CRH’s €6.5bn acquisition of certain assets offloaded by European cement giant LafargeHolcim – which completed, slightly ahead of schedule, this week – could enhance its earnings by more than 30% over the next year, it has been claimed.
“We see the deal as a transformational acquisition, which could be around 34% accretive to earnings in its first full year,” said Robert Gardiner of Davy Stockbrokers in a note yesterday.
“The group is taking advantage of its sector-leading financial strength to acquire a unique package of assets at an opportune time in the cycle. With the deal now largely complete [the Asian assets that form part of the transaction are expected to complete by the end of next month], the integration process can begin with the group looking to deliver synergy savings of €90m over three years.”

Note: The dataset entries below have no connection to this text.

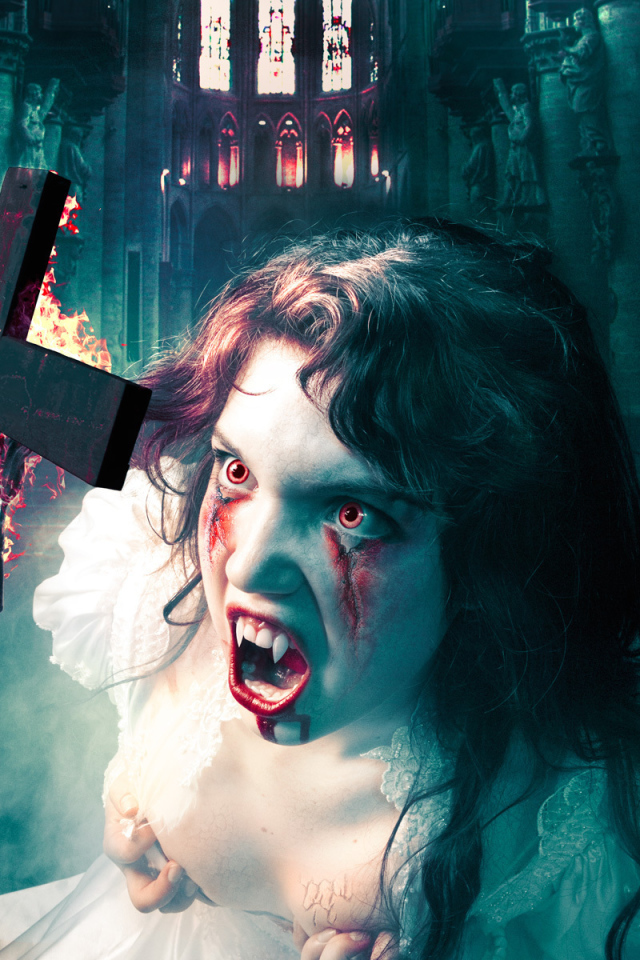 Борьба с девушкой вампиром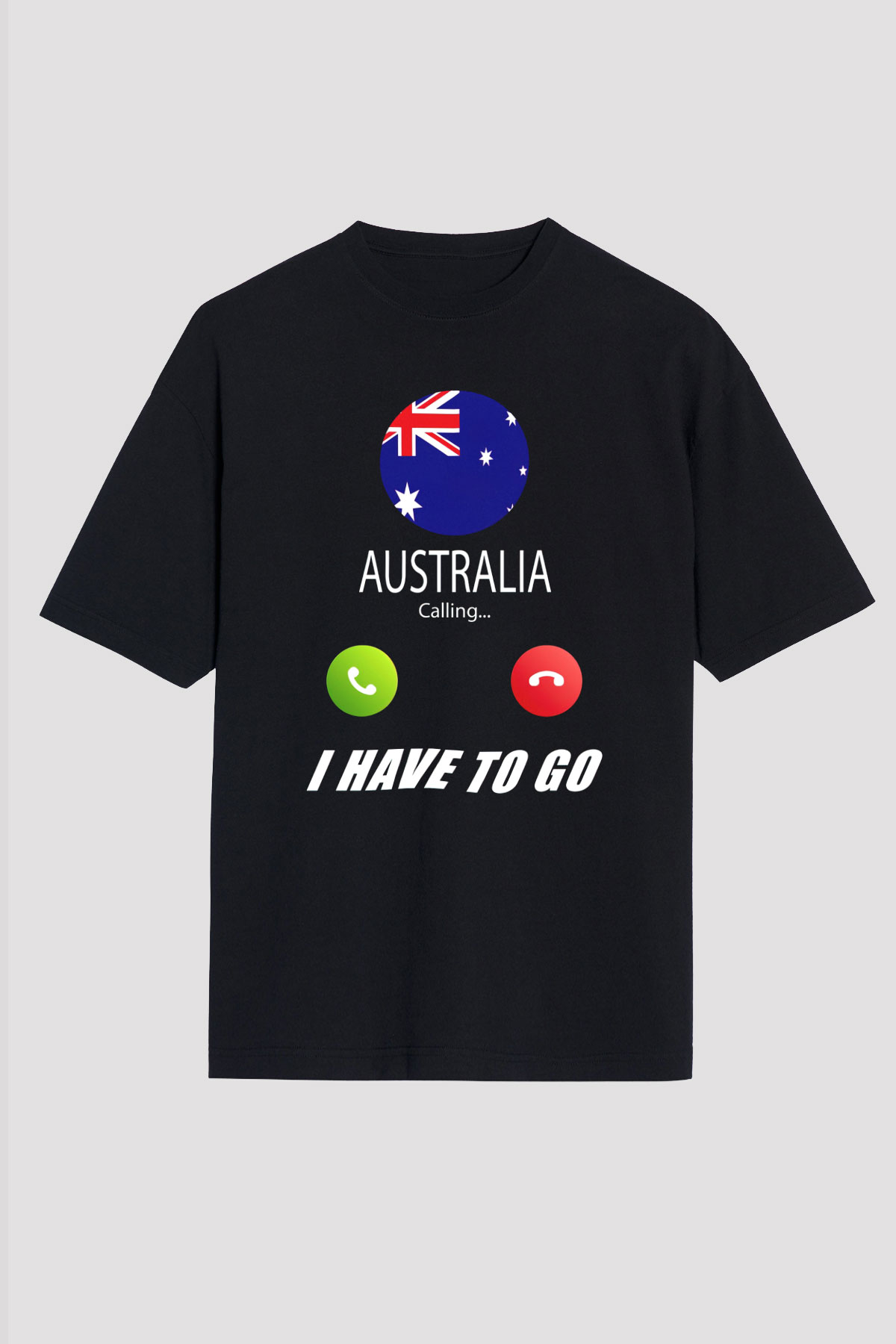 Avustralya Siyah Unisex Tişört T-Shirt - TişörtFabrikası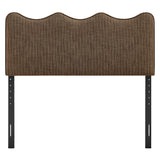 Athena Earth Stripe Striped Fabric Upholstered Queen Size Headboard - Ornate Home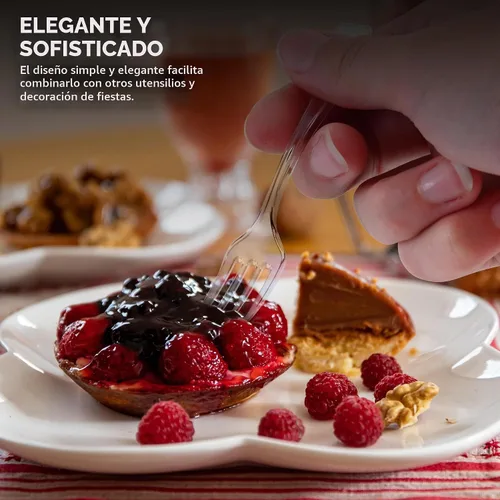 Vista 5 de Mini tenedores transparentes de 4 pulgadas (100 unidades) desechables de plástico para aperitivos para hora de cóctel, tenedores de postre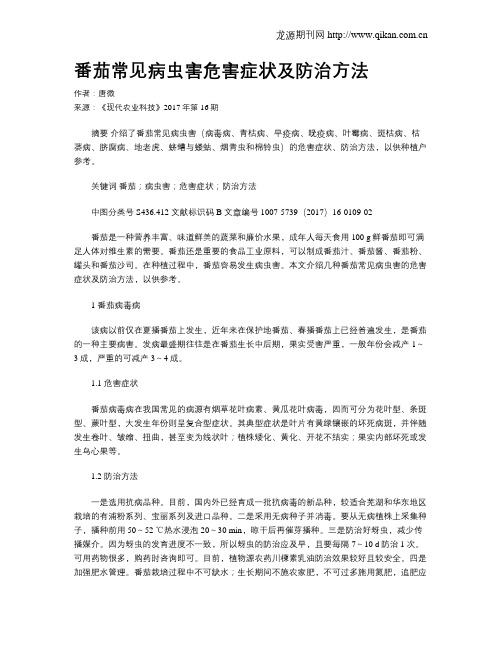 番茄常见病虫害危害症状及防治方法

CRH initially agreed last February to buy assets across Europe, Asia and the Americas that were having to be sold to make way for the mega European cement merger. The move is set to boost the Dublin-based group into becoming the world’s third largest building materials business.
Speaking on the back of this week’s deal completion, CRH chief executive Albert Manifold said: “CRH is a step closer to achieving our aim of becoming the world’s leading building materials company.
“The businesses we are acquiring, which represent an excellent geographic fit with CRH’s existing operations, are all strong performers in their respective areas. The integration of these high quality assets — which we have acquired at an attractive valuation and at the right point of the cycle — will strengthen our presence in a number of key markets, as well as providing new platforms for strategic growth.
“The additional scale will help us to improve efficiency, speed up innovation and provide an even better service to our customers.”
CRH’s record purchase will boost the group’s international workforce by 15,000 people to 91,000 and will see management set about integrating new assets covering 685 locations in 11 countries.
“We continue to believe there is significant upside to the initial acquired Ebitda of €752m,” said Robert Eason of Goodbody Stockbrokers.